▶ RECORDED INFORMATION

********

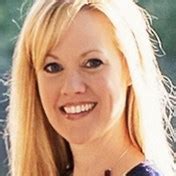 Hastings Obituaries | Local Obits for Hastings, NE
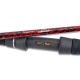 Meškere UNI CAT Superior Catwalk ilgis 240 cm testas 250-500g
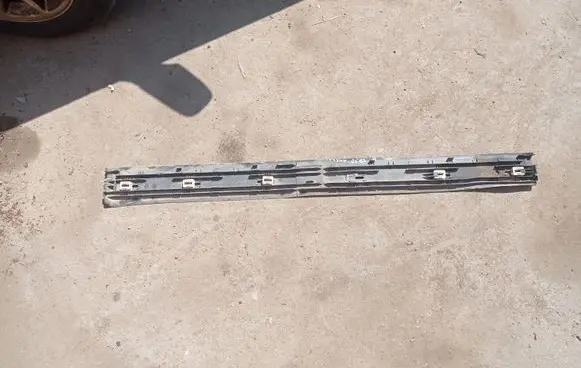 Volvo S60 Other under body part 8659971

********

▶ EXERCISE REQUIREMENTS
Where the line with "Meškere UNI CAT" appears, begin there and transcribe exactly through the last line of the data, leaving all pictures aside.

▶ EXERCISE RESPONSE
 Meškere UNI CAT Superior Catwalk ilgis 240 cm testas 250-500g
 Volvo S60 Other under body part 8659971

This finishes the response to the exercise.